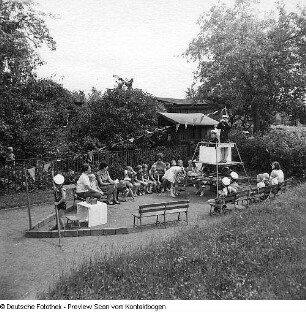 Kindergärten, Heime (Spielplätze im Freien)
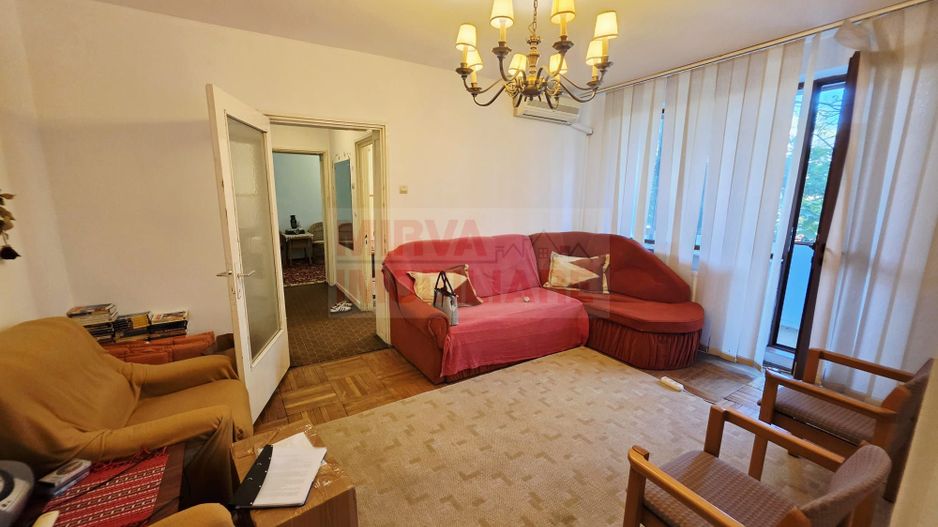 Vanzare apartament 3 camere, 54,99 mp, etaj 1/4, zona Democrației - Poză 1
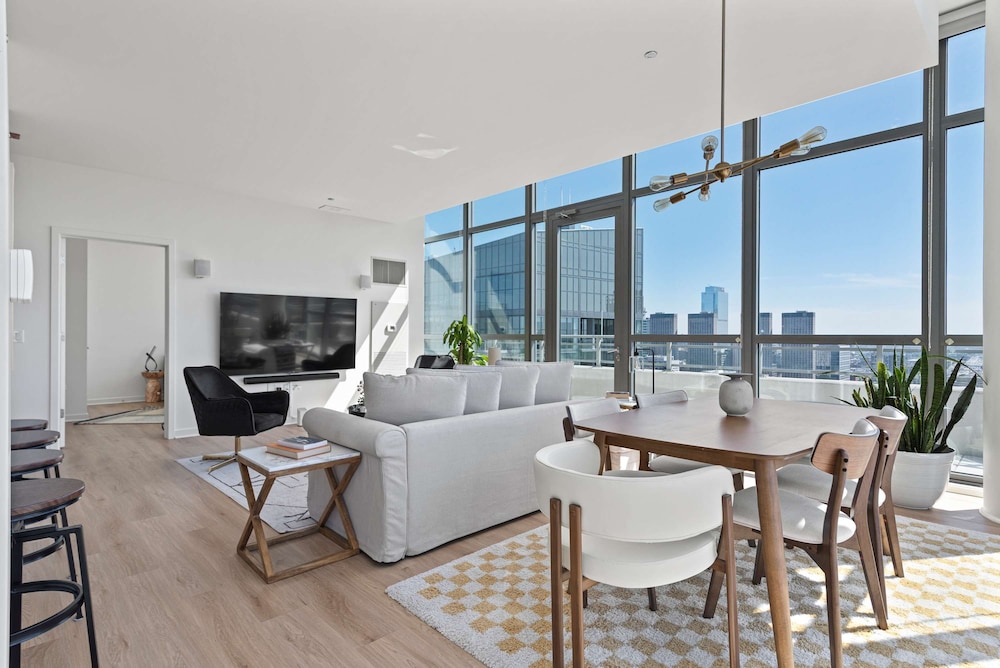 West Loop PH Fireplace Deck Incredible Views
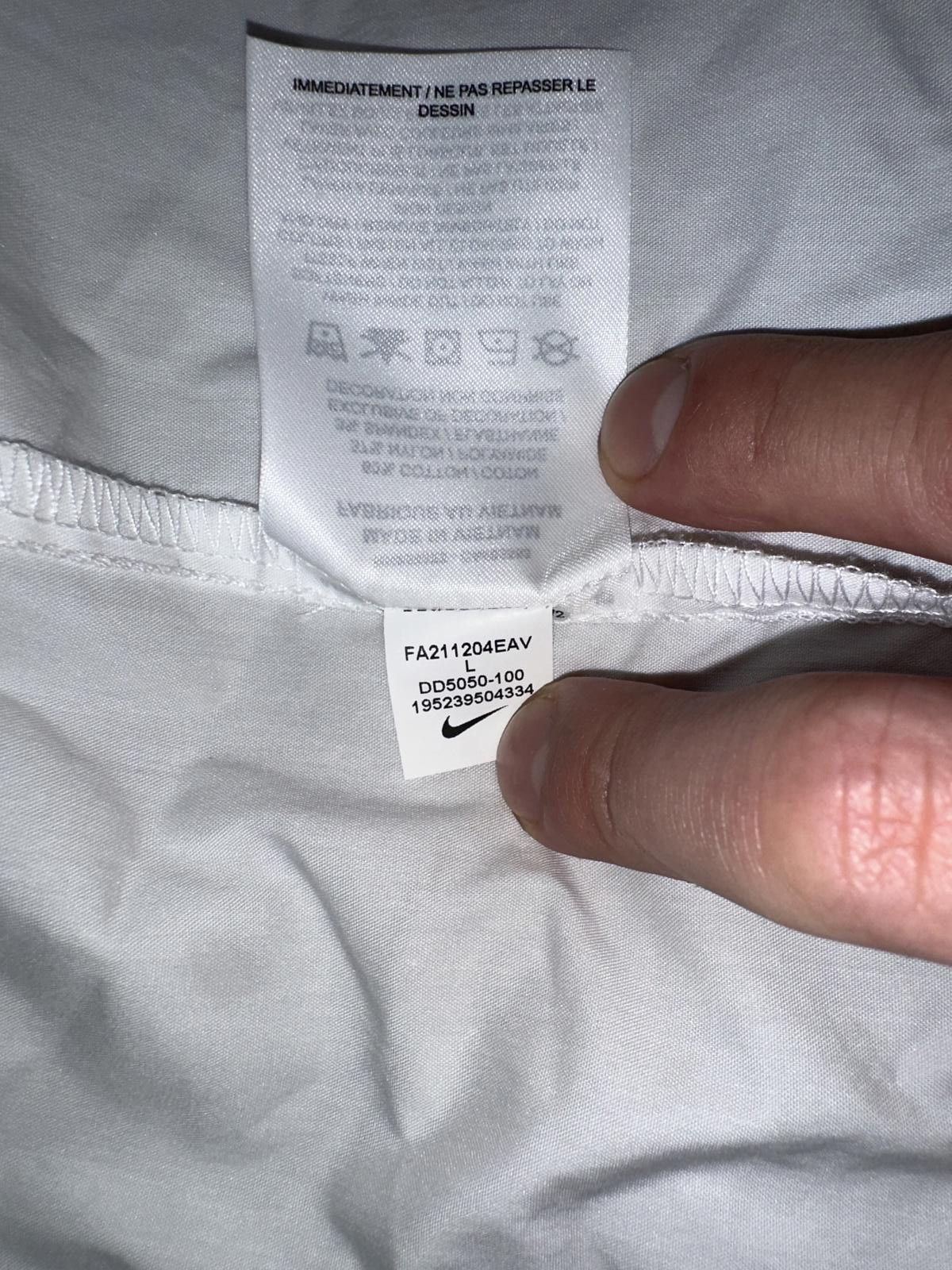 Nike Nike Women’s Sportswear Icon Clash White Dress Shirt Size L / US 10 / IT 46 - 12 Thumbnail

## Aim of the exercise
Your copy should match the material above exactly, minus its pictures.

## Solution to the exercise
 Kindergärten, Heime (Spielplätze im Freien)
 Vanzare apartament 3 camere, 54,99 mp, etaj 1/4, zona Democrației - Poză 1
 West Loop PH Fireplace Deck Incredible Views
 Nike Nike Women’s Sportswear Icon Clash White Dress Shirt Size L / US 10 / IT 46 - 12 Thumbnail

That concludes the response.